Nani - É daqueles jogadores que, mesmo com exibições medianas (como foi o caso), conseguem estabelecer sempre a diferença. Fez uma assistência impecável para o golo de Ronaldo e já no período complementar da segunda parte voltou a servi-lo da melhor maneira, com o capitão a desperdiçar o brinde.

 

Cristiano Ronaldo - A meio da semana fez declarações públicas dando já por terminada a participação portuguesa no Mundial quando ainda tínhamos este jogo por disputar. Falou cedo de mais, tal como antes tinha falado no tempo errado ao profetizar que este seria "o ano de Portugal". Nunca esteve - nem de perto - ao seu melhor nível no Brasil.
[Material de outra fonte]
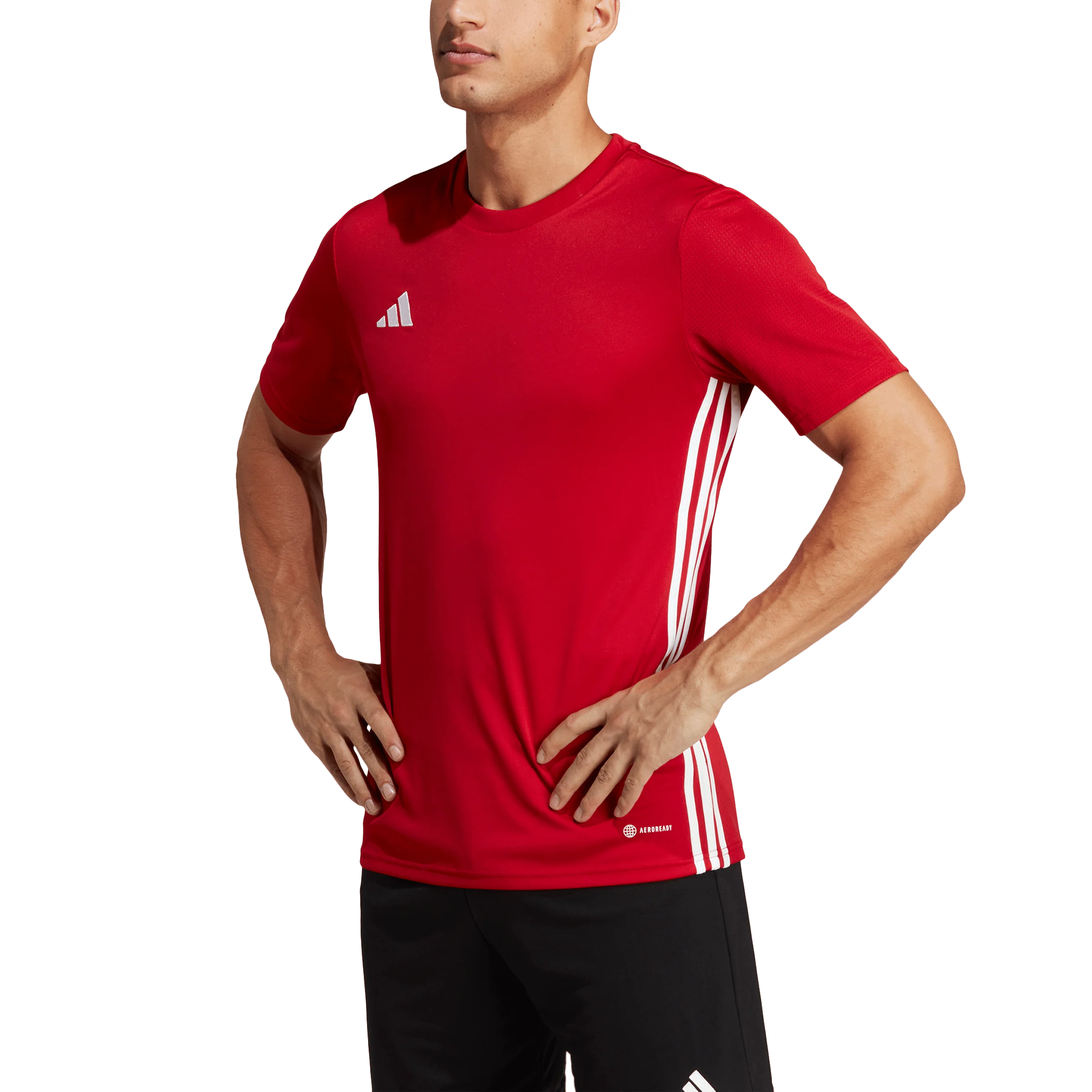 Tabela 23 Jersey (HT6552) - Image 4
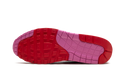 Nike Air Max 1 PRM Valentine’s Day Playful Pink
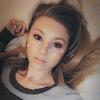 Profile Picture of Clare✨ (@@clarekcarson) on Tiktok
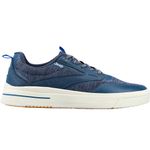 FMS24031NAVY_1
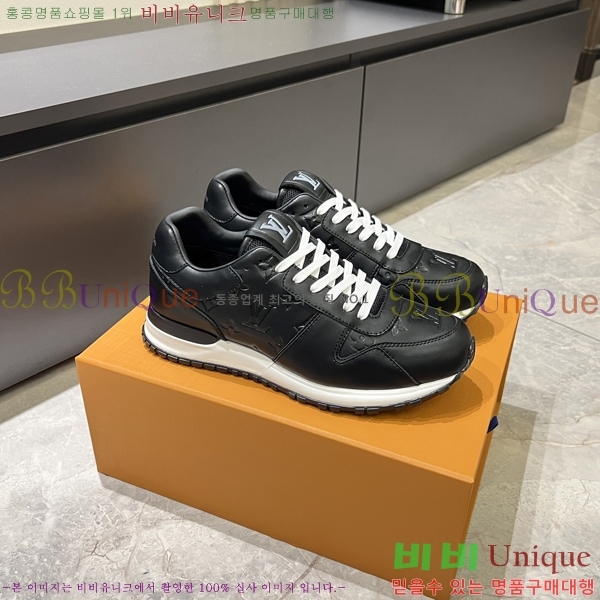 ���� ���̺��� ����Ŀ�� RA556662-7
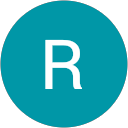 Ricky Vaeluaga profile picture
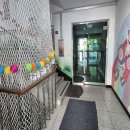 인쇄광고디자인 청춘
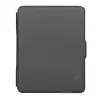 Targus VersaVu AZERTY French Bluetooth Must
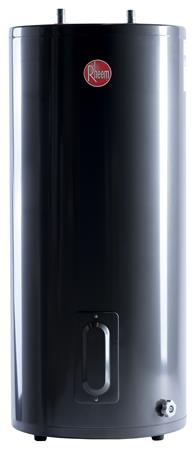 Termotanque RHEEM TEP125RH 125 Lts AEE Eléctrico De Pie Conexión Superior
O que ficou bem evidente neste jogo: marcou um golo (o 50º ao serviço da selecção), que nem festejou, mas podia ter marcado dois ou três. Pouca coisa lhe saiu bem. Às vezes o melhor é não falar tanto.

 

Éder - Já lá vão dez jogos na selecção e nem um golo para amostra - o que, convenhamos, é algo estranho para um avançado. Paulo Bento insistiu em tê-lo como titular. Mas a aposta saiu-lhe furada, uma vez mais. O bracarense foi o elo mais fraco do onze português: quase nada lhe saiu bem. Substituído aos 66' por Vieirinha. Já saiu tarde.

 

Varela - Entrou aos 61'. Três minutos depois estava já a fazer um cruzamento muito bom, servindo Ronaldo na área. Trouxe mais dinamismo e ousadia ao ataque português. Ficou a sensação de que devia ter entrado muito mais cedo num jogo em que precisávamos não só de ganhar mas de marcar vários golos.

 

Vieirinha - Porque permaneceu tanto tempo no banco? Entrou aos 66', para o lugar de Éder, e deu mais profundidade do ataque português, embora nem sempre da forma mais esclarecida.

 

Eduardo - O nosso guarda-redes titular do Mundial de 2010 jogou hoje alguns minutos, rendendo Beto, lesionado à beira do fim. Não chegou a fazer qualquer defesa.